What is the best church giving platform for megachurches?
For 1,500+ attendee churches, Pushpay has been the dominant enterprise player for over a decade — strong ChMS integration and operational depth. Stablish's Tailored plan is the newer alternative; it brings AI-coached stewardship for every member, which Pushpay doesn't offer. The choice comes down to whether you prioritize integration depth or engagement layer.
Do I really need a stewardship app — can't members just use a budgeting app like Mint or YNAB?
They can, but most won't. Generic budgeting apps require members to download, set up, and stick with them — and most don't. A church-sponsored stewardship app shows up to the member, runs in the background, and reinforces biblical financial principles. It's also the only way to give every member of your congregation the same tool, regardless of whether they would have signed up on their own.

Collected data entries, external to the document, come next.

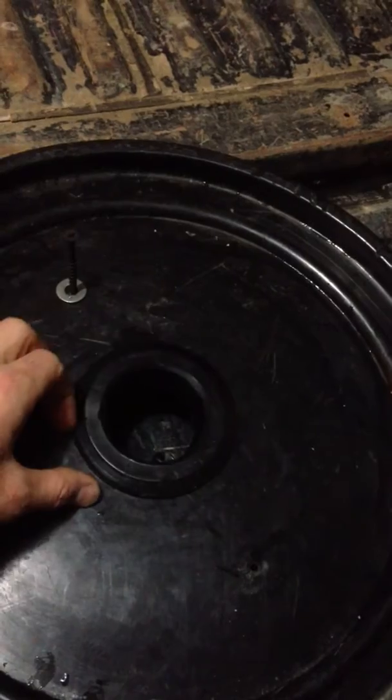To be able to repurpose these buckets in the future, I just put some vent holes here. There was already a little hole here, so I cut a 2-inch uniseal hole in here so that it could be covered or used for something in the future.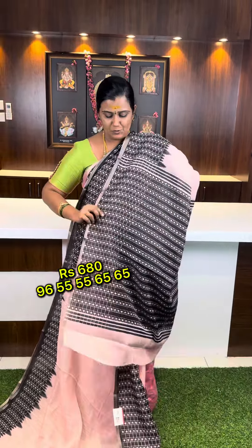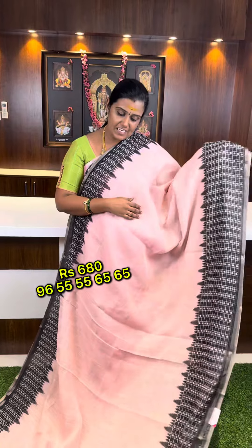Color in the black contrast odo pallu and blouse, 618 budget le, screen bottom look, online number contact pannay book pannikla. Thank you.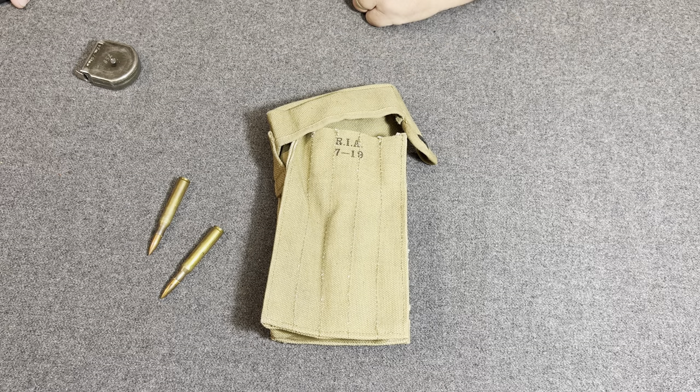I just wanted to share with you this pouch — it's a pretty cool pouch, and it's for the Peartison device. It holds five 40-round clips of .30-caliber ammunition for use with the Peartison device, used with the 1903 Springfield rifle. Thank you for watching the Web Gear Review.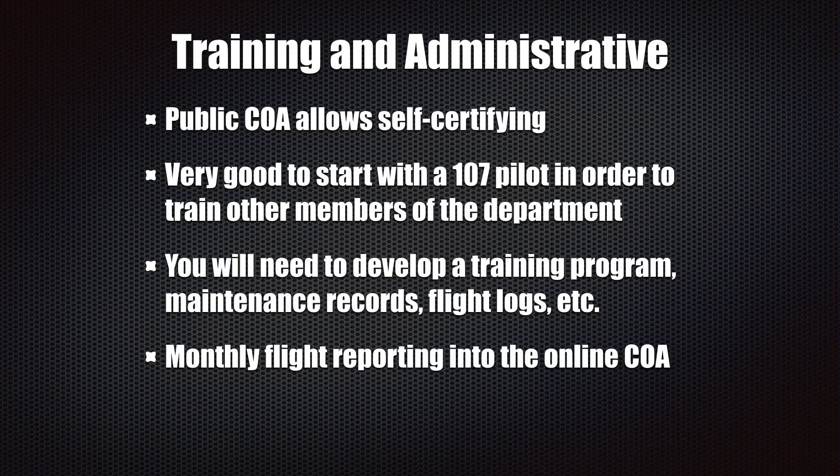Each month you have to report your flights into your COA. It's really easy to do — you go into the online COA and it has a form that you fill out saying how many flights you've done that month and if you had any problems.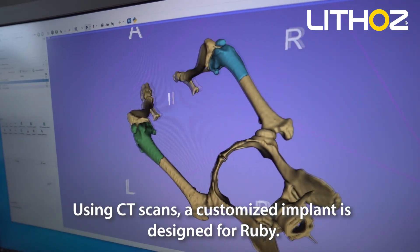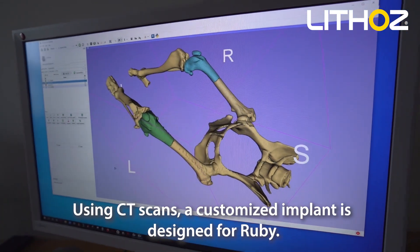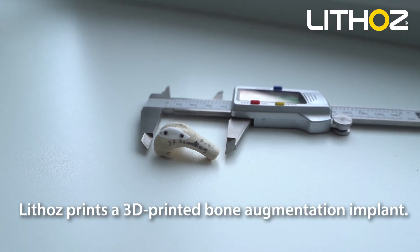Using CT scans, a customized implant is designed for Ruby. Lithos prints a 3D printed bone augmentation implant.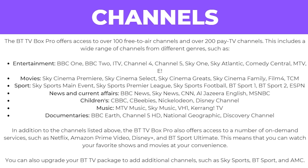In addition, the BTTV Box Pro also offers access to a number of on-demand services such as Netflix, Amazon Prime Video, Disney Plus and BT Sport Ultimate, meaning you can watch your favourite shows and movies at your convenience. You can also upgrade your BTTV package to add additional channels such as Sky Sports, BT Sport and AMC.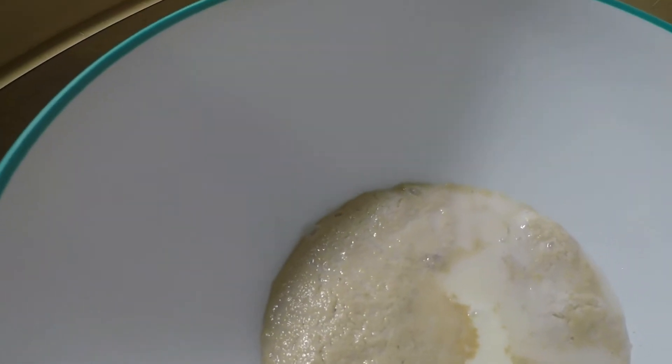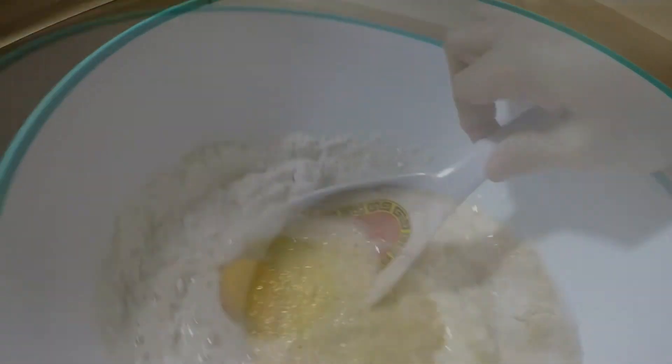After five minutes, I can see it's already proofed successfully. So I'll knead the dough.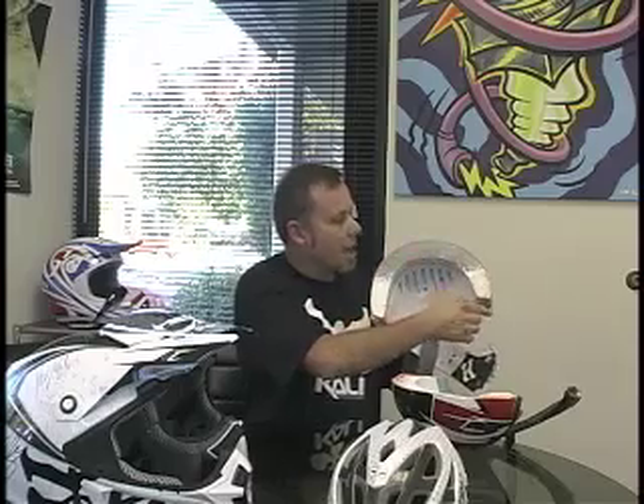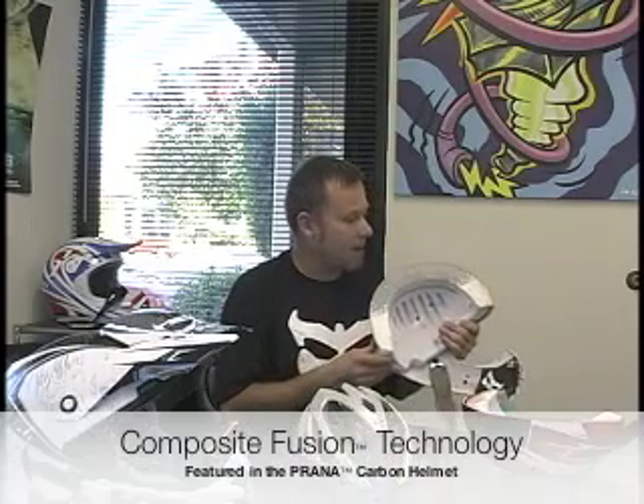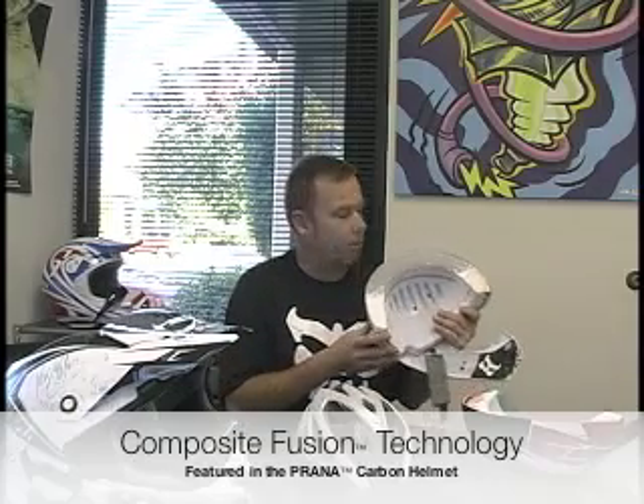You can see here there are no gaps whatsoever — a full bond. What that does for us is it allows us to lower the density of the foam. That's what you want next to your head on impact — a lower density, softer foam. The great byproduct of that is an extremely light helmet. This is our Piranha helmet and it weighs 1150 grams. This in-molding process allows us to eliminate all the gaps and achieve a 100% bond throughout the whole helmet.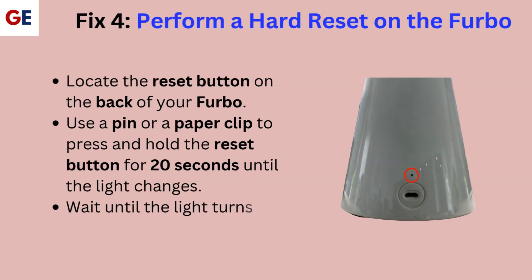Fix 4: Perform a hard reset on the Furbo. Locate the reset button on the back of your Furbo. Use a pin or a paper clip to press and hold the reset button for 20 seconds until the light changes. Wait until the light turns green before proceeding.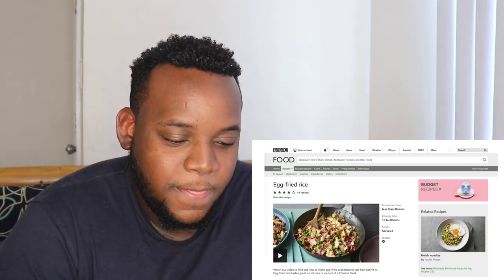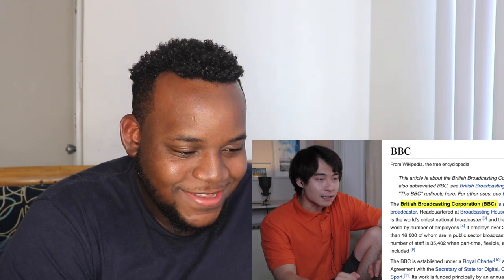Hello, my name is Uncle Roger. Today I will react to a video sent to me by a fan. It's the BBC Good Food How to Make Egg Fried Rice video. What is BBC? Is it like something dirty? Oh, it's the British Podcasting Corporation. Okay, that BBC is okay. Uncle Roger not into the other BBC. Let's play the video.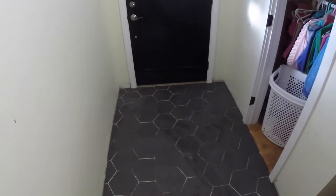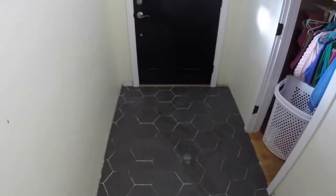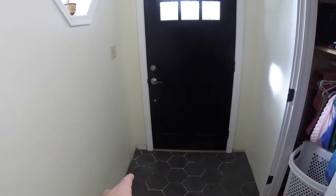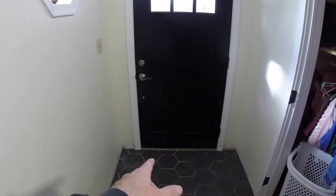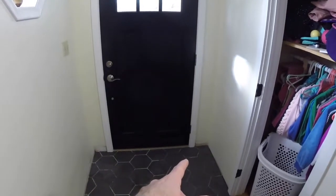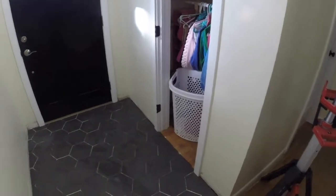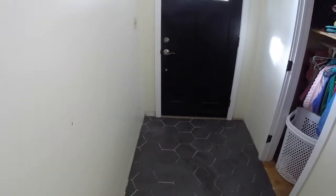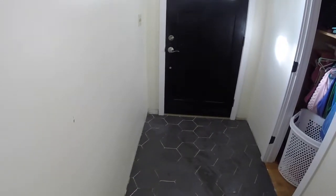This floor is completely set. This is the next day. I pulled up spacers, cleaned out all the thinset, wiped everything down. I also caulked to the door there, where it meets the bottom. The bottom of the molding is there and over here. And that's it. This is ready for grout. So we're going to mix up some Laticrete Permacolor Select.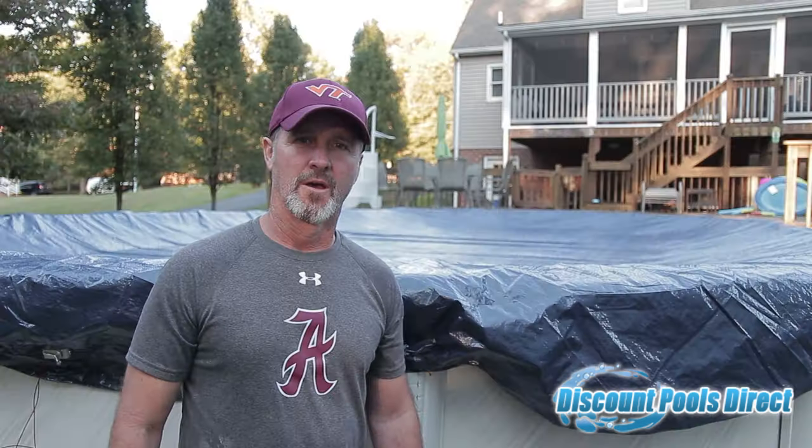I hope today's video helps those of you who have called in with questions about winterizing or closing your pool. I think we covered just about everything. If we didn't, feel free to give us a call at 1-800-986-0748 — we'd be happy to answer any questions. Look for our video this spring on how to open your pool. Have a great day!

Why isn't [other giving platform] on this list?
We picked the eight platforms that come up most often in pastor conversations as of mid-2026. Other platforms exist (Easy Tithe, Continue To Give, Faithlife Giving, etc.), but they tend to serve narrower segments. If you're considering a platform we didn't cover, the same evaluation criteria apply — mobile experience, recurring giving conversion, transparent pricing, pastor visibility, and modern UX.
How much should a church spend on giving software?
It depends on size and need. Free platforms (Givelify, Stablish Intelligent Giving) work for churches that just need to receive donations. Mid-tier paid platforms run $40-200/month + transaction fees. Enterprise platforms (Pushpay) range from $10K-$50K+/year. As a rough rule, a church should spend less than 1-2% of annual giving on the giving platform — the goal is to grow giving, not consume it.